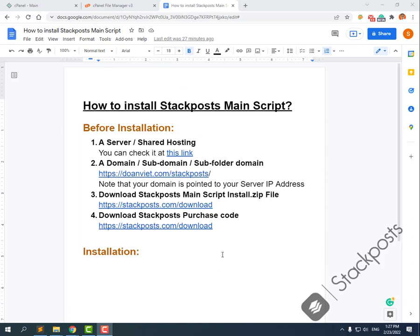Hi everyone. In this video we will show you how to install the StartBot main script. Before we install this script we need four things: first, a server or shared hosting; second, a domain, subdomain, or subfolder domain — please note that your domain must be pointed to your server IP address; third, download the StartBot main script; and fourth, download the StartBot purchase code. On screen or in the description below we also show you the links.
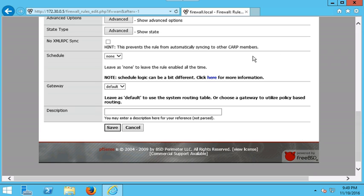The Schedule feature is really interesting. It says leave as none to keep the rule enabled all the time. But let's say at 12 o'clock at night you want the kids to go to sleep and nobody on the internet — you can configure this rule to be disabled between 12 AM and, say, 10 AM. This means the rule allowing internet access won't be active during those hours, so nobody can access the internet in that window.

---

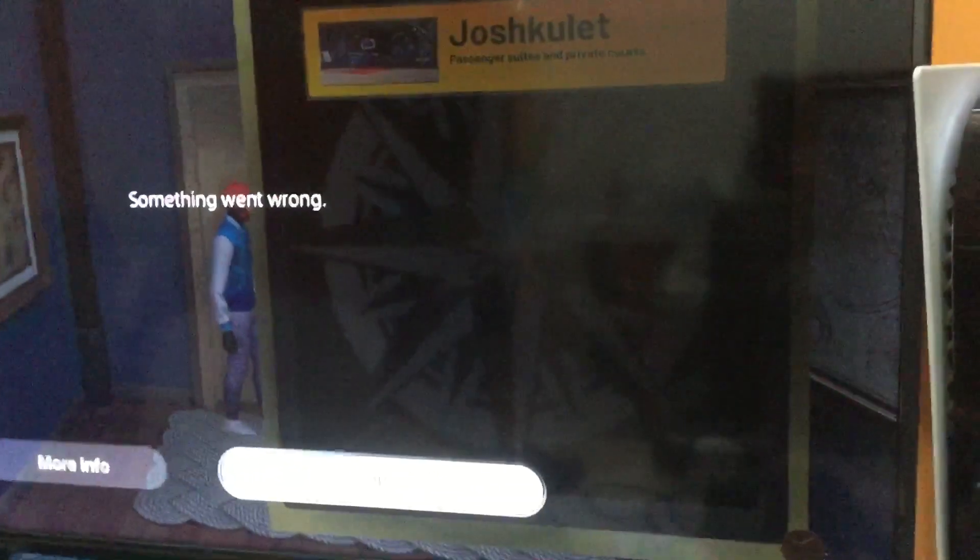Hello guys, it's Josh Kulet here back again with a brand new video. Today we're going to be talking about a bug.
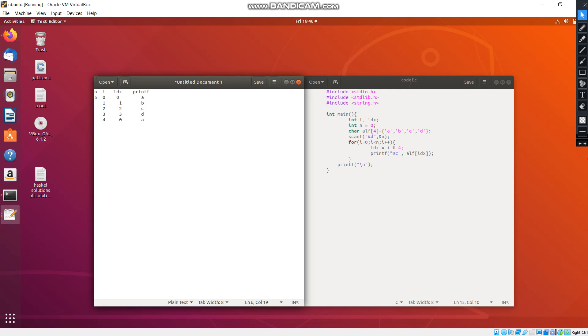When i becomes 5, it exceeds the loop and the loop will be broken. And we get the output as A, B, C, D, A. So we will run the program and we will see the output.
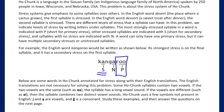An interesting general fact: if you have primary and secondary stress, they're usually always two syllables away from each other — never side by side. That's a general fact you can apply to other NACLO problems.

# Required work
Leaving out all pictures, set down exactly the lines of the material above, from the line with "Hi everyone. In" to the line with "The Schedule feature" inclusive, and no others.

# Answer to the exercise
Hi everyone. In this video we will show you how to install the StartBot main script. Before we install this script we need four things: first, a server or shared hosting; second, a domain, subdomain, or subfolder domain — please note that your domain must be pointed to your server IP address; third, download the StartBot main script; and fourth, download the StartBot purchase code. On screen or in the description below we also show you the links.
The Schedule feature is really interesting. It says leave as none to keep the rule enabled all the time. But let's say at 12 o'clock at night you want the kids to go to sleep and nobody on the internet — you can configure this rule to be disabled between 12 AM and, say, 10 AM. This means the rule allowing internet access won't be active during those hours, so nobody can access the internet in that window.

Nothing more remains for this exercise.